= What to do =
Set down all of the entries exactly, leaving nothing out.

------ Source material

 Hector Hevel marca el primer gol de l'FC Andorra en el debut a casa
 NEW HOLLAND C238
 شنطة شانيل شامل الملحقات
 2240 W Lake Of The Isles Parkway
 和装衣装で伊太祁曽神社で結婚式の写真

------------

= Worked solution =
 Hector Hevel marca el primer gol de l'FC Andorra en el debut a casa
 NEW HOLLAND C238
 شنطة شانيل شامل الملحقات
 2240 W Lake Of The Isles Parkway
 和装衣装で伊太祁曽神社で結婚式の写真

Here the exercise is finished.